#### [Source material]
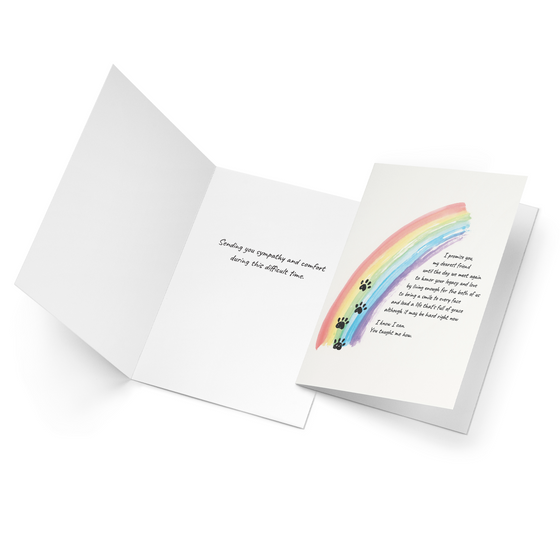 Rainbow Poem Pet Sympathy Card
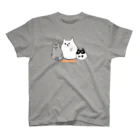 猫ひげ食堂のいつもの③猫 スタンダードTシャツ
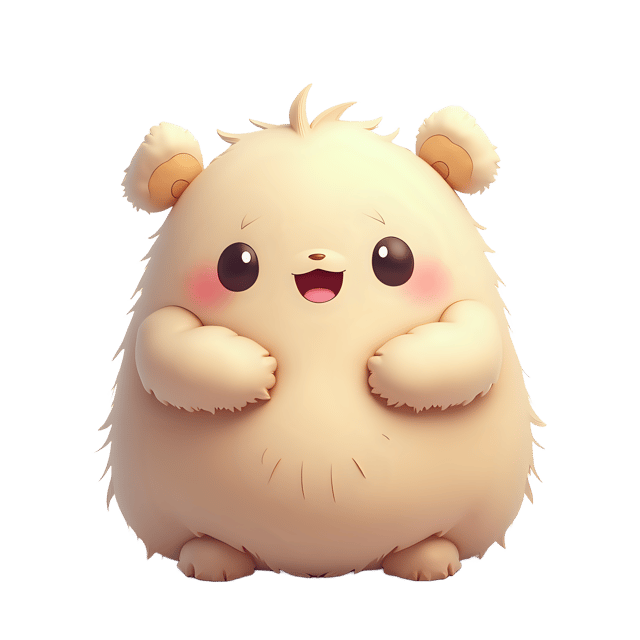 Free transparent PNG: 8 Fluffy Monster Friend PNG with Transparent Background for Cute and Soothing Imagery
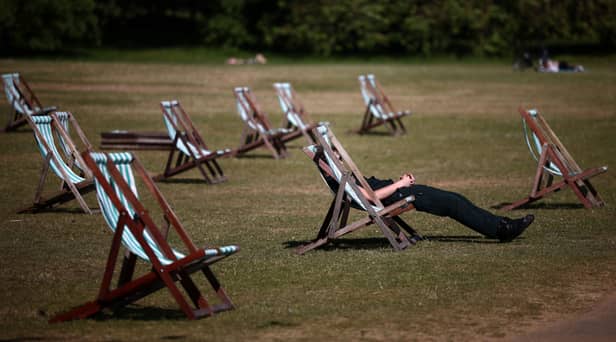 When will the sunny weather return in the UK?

#### [Task to complete]
Write each line exactly as it appears, from the line that holds "猫ひげ食堂のいつもの③猫 スタンダードTシャツ" through the closing line of the data above, and leave every picture out.

#### [Written response]
 猫ひげ食堂のいつもの③猫 スタンダードTシャツ
 Free transparent PNG: 8 Fluffy Monster Friend PNG with Transparent Background for Cute and Soothing Imagery
 When will the sunny weather return in the UK?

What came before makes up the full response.